Italian illustrator and painter

Giovanni Maria Mataloni (24 July 1869 – 21 September 1944) was an Italian poster art designer and illustrator. Mataloni was an exponent of the Stile Liberty, the Italian Art Nouveau. Together with Leonetto Cappiello, Adolfo Hohenstein, Marcello Dudovich and Leopoldo Metlicovitz he is considered one of the progenitors of Italian poster design.

== Biography ==
Giovanni Maria Mataloni was born in Rome on 24 July 1869, to a family of noble origins. His father's family owned several paper mills in Pioraco, a small town in the province of Macerata. A leading figure in the Art Nouveau movement, he is widely regarded as one of the fathers of modern Italian poster art, alongside Leonetto Cappiello, Adolfo Hohenstein, Leopoldo Metlicovitz and Marcello Dudovich. He created his first poster in 1895, soon gaining international recognition as a poster artist. Jules Chéret reproduced one of his posters in the famous collection of lithographic plates Les Maîtres de l'affiche (1895–1900).
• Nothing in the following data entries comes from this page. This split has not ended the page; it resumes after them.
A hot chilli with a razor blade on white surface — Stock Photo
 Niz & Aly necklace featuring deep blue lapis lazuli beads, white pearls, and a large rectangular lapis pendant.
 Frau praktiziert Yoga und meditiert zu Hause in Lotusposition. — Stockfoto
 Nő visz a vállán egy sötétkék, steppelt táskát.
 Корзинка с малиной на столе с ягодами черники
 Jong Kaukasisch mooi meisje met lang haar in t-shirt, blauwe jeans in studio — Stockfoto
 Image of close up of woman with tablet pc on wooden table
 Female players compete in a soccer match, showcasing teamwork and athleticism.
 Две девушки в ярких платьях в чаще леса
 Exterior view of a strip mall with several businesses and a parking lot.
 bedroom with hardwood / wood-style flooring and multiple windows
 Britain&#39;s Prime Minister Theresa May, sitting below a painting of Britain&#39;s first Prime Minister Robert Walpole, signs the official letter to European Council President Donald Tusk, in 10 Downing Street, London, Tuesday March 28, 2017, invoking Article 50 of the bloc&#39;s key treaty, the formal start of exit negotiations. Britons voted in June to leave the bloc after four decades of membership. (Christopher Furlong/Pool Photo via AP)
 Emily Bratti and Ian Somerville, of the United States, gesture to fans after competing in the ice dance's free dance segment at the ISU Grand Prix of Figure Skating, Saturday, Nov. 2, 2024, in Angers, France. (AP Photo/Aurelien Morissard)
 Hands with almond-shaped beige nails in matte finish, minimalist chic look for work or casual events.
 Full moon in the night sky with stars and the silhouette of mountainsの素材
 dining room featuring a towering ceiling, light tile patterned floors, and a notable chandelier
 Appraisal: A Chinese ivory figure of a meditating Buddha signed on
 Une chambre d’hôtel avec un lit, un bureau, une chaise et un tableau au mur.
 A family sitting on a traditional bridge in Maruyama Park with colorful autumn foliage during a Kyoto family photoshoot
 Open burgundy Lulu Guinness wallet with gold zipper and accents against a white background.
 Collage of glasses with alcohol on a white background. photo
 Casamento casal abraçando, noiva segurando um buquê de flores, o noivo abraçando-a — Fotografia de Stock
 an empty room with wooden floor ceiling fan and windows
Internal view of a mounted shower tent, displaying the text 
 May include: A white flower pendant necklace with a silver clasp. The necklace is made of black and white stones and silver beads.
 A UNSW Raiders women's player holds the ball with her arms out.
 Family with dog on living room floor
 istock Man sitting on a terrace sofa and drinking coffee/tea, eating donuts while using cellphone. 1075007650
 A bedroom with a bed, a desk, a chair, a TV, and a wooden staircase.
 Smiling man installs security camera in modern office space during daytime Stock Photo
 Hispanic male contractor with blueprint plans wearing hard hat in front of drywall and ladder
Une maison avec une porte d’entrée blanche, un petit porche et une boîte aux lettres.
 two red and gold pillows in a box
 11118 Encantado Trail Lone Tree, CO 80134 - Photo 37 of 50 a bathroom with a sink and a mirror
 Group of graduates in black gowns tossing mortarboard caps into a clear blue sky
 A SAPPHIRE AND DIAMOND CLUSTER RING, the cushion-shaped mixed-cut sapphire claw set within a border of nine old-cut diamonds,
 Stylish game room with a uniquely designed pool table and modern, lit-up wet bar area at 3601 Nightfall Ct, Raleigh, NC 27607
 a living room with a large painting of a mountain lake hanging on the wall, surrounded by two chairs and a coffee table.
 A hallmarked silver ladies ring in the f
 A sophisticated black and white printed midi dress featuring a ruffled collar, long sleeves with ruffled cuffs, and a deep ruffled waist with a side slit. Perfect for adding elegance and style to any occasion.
Mataloni collaborated with Ricordi and De Agostini, as well as the publishing houses Chappuis of Bologna and Bocca of Turin. He also worked with the magazines L'Illustrazione Italiana and La Tribuna Illustrata, as well as the Sicilian daily newspaper L'Ora. Mataloni held the chair of nude painting at the Accademia di Belle Arti di Roma, where he taught Umberto Boccioni. In 1908 he frescoed the dining room of the Gran Caffé Faraglia on Piazza Venezia and the Palazzo dell'Agricoltura, the seat of the Italian Ministry of Agriculture.

Despite his importance in the early nineteenth-century Italian artistic landscape, information about his later life remains scarce. During the 1920s and 1930s he worked for the cartography department of the De Agostini Institute. In his later years, he devoted himself to portraiture, particularly of children and women. He died on 21 September 1944 and was buried in the monumental cemetery of Campo Verano in Rome.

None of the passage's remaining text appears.